15-Minute Lentil Soup
Sarah Carey shares an easy soup recipe from Everyday Food and a delicious recipe for escarole salad.
In a medium saucepan, heat oil over medium. Add onion, carrot, celery, and garlic; season with salt and pepper and cook, stirring occasionally, until onion softens, 3 to 5 minutes. Add broth; bring to a boil and cook 5 minutes. Add lentils and cook until soup thickens slightly, 3 to 5 minutes. Stir in vinegar and season with salt and pepper.
Loved this! I used lemon juice instead of the vinegar because I had lentil soup at a restaurant that used lemon and I liked the taste.
Nutrition information?
Correction:
My DH now likes it (w/o cornbread). My DD only likes it with cornbread. smh
I enjoyed this soup that I served with cornbread (my DH said that it was OK, and my 5 year old didn't like it). I pre-cooked dried lentils instead of using canned (less sodium). I also tripled the recipe for 3 people.

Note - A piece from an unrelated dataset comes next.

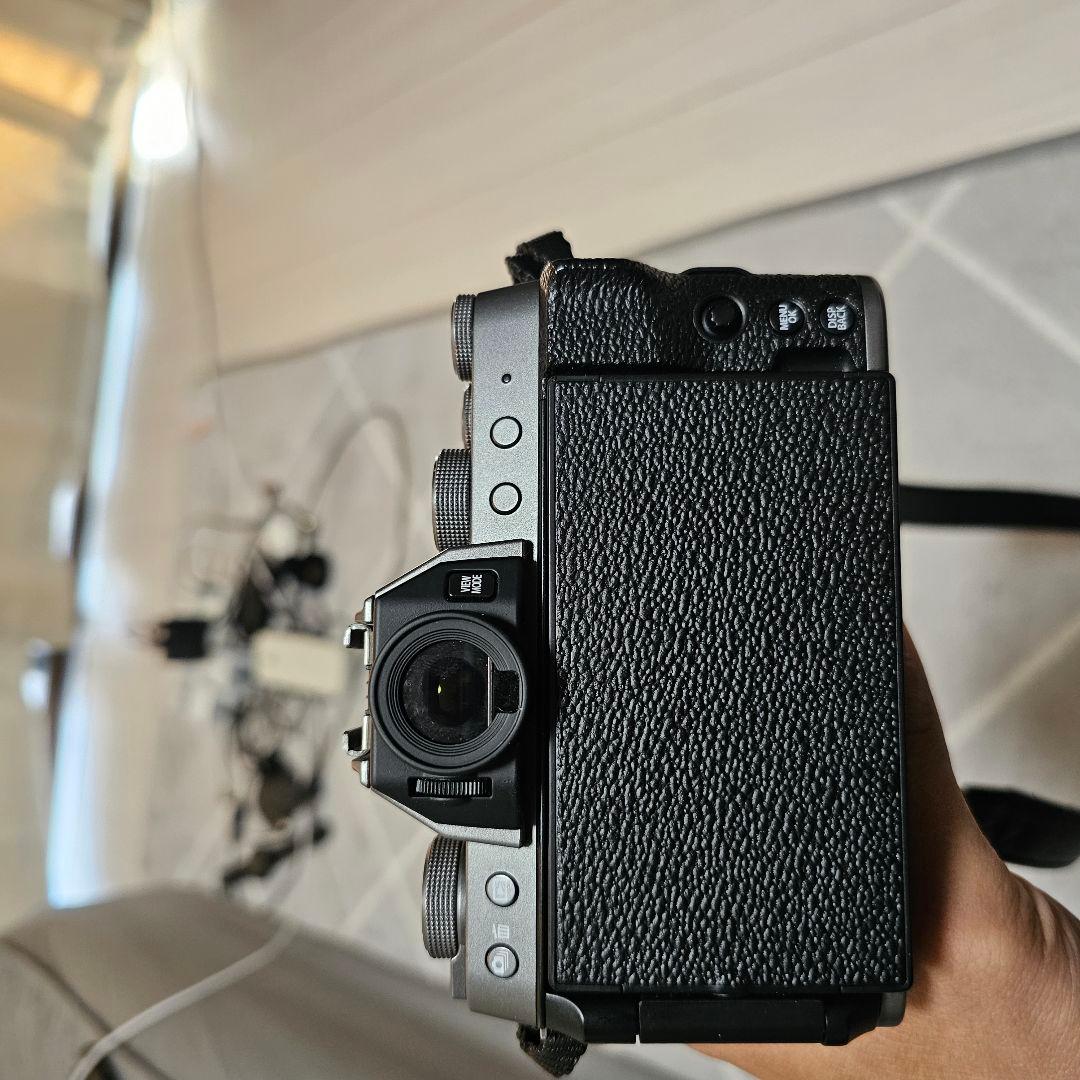 Fujifilm X-T200 ミラーレスカメラとレンズセット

Just made this for lunch. Also quickly cooked up some dry lentils instead of using canned. Substituted vegetable broth. Added a handful of chopped fresh parsley to my bowl at the end. It was FANTASTIC!
This soup is AMAZING! I wasn't able to find canned lentils, so I bought dried lentils and pre-cooked them before I put them in the soup. It still only took thirty minutes. I really like the red wine vinegar!
I loved this soup! It's the healthiest, quickest, and most nutritious soup I have made! Thank you Martha for yet another delicious recipe!
This was quite tasty. I think the red wine vinegar added a lot to the soup.